Я не разделяю такого подхода. Я считаю, что спокойствие, одиночество и тишина одинаково не спасают от сумасшествия; вместо того чтобы противодействовать — способствуют ему, обогащают и питают его, создают для сумасшедшего соразмерную ему среду.
Сумасшествие и есть спокойствие, одиночество, тишина. Это чудовищное спокойствие, чудовищное одиночество, чудовищная тишина разума.
Будь по-моему, я бы лечил сумасшествие с помощью внешнего воздействия, которое нарушало бы спокойствие, населяло одиночество, наполняло шумом и грохотом тишину. В этом саду день и ночь гремели бы военные марши, дзинькали тарелки, громыхали барабаны, звенели цимбалы. Отовсюду доносился бы невообразимый шум. Везде сновали бы люди и машины, настоящие и механические животные. Все переливалось бы яркими огнями и красками.

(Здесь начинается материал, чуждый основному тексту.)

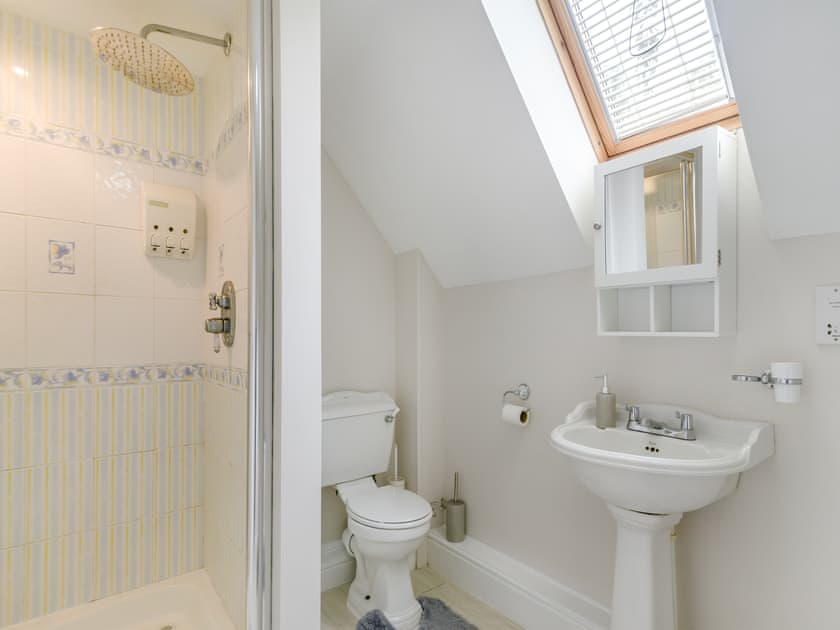 Bathroom | The Stirrup Cottage, Willoughton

У сумасшедшего уже не было бы ни времени, ни возможности быть сумасшедшим.
Ибо сумасшествие — это сокращение умственного пространства. Сжатие умственного времени. Разрушение умственной перспективы.
Сумасшествие — это неведение прошлого и будущего. Это неведение последовательных планов перспективы: видна одна только рампа; кулисы же и тем более задник уже не видны. Все, о чем он говорит и думает, сумасшедший располагает в настоящем; все видимое он переносит на передний план.
Что было бы с видимым миром, если бы из него исчезла перспектива и все видимые формы сплющились бы перед нашим лицом? Это было бы сумасшествием зрения.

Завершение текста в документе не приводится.